As this story opens, the poet Walt Whitman is saying a final farewell to his beloved Rock Creek in the nation’s capital. It’s the summer of 1864, and Walt has spent the past few years of the Civil War comforting the sick and dying in Washington’s Armory Square Hospital. Walt, who’s emotionally broken and largely unknown at this point in his career, stumbles upon Ezra, a former slave, and June, a high society girl, who live together in the wilderness as a two-person “army of poetry lovers.” They claim to communicate with the spirit of the poet John Keats, who, they say, lives in Ezra’s soul, and they pledge to make sure that Walt is remembered as a great poet.

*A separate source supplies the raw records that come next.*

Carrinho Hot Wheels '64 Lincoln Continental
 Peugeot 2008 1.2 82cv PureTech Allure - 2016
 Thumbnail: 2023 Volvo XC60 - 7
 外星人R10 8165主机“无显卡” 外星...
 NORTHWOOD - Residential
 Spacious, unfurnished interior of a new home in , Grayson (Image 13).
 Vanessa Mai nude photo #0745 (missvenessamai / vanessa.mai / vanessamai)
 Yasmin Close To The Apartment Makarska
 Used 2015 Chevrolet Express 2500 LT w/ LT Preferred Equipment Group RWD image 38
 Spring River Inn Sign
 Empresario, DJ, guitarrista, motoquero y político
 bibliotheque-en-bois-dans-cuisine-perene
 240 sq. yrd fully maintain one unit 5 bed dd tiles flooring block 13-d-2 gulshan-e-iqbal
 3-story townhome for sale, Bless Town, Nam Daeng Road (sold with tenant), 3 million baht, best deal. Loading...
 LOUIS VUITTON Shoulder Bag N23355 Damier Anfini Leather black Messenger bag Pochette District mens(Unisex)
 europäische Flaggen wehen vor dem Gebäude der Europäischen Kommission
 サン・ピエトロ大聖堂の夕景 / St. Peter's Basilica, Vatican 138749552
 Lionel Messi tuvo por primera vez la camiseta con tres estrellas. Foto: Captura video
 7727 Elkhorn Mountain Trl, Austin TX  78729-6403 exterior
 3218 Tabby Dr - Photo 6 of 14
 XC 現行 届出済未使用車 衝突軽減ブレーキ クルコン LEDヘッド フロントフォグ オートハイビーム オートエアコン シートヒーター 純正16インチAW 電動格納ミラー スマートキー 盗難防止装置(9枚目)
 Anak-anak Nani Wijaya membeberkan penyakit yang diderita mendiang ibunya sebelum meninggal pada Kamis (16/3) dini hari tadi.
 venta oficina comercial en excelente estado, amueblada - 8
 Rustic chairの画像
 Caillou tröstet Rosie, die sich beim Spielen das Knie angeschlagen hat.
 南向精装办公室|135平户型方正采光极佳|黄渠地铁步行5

The novel jumps to the present day to introduce narrator Jack, a community college teacher and aficionado of Keats’ work who finds himself broke and sitting in Rock Creek Park. There, he encounters an enigmatic stranger known as “Cowboy” who, along with his gang, claims to protect a “secret world” in the woods that Walt created. As Jack is led further into Cowboy’s esoteric community, its mystery is slowly revealed, which makes for compelling reading—particularly in how it forges a link to Ezra and June’s story. The novel is effectively a playground for philosophical conversation, and the author carefully and convincingly captures Whitman’s sensibilities as both a flâneur and a transcendentalist: “My undistracted spirit could pour itself into any living miracle I came upon. I could inhabit ordinary working people, the pit of a peach, a powerful sunrise—anything.” The novel is also steeped in literary history, as when it refers to Richard Brautigan’s 1968 novel, In Watermelon Sugar, in which “people lived in quaint, little shacks in a mind-bending forest full of magical creeks,” offering a distorted reflection of Cowboy’s own perception of Rock Creek Park. Readers with a limited knowledge of poetry, particularly that of Whitman and Keats, may struggle to engage with this book, but others will find it an enjoyably weird and imaginative literary journey.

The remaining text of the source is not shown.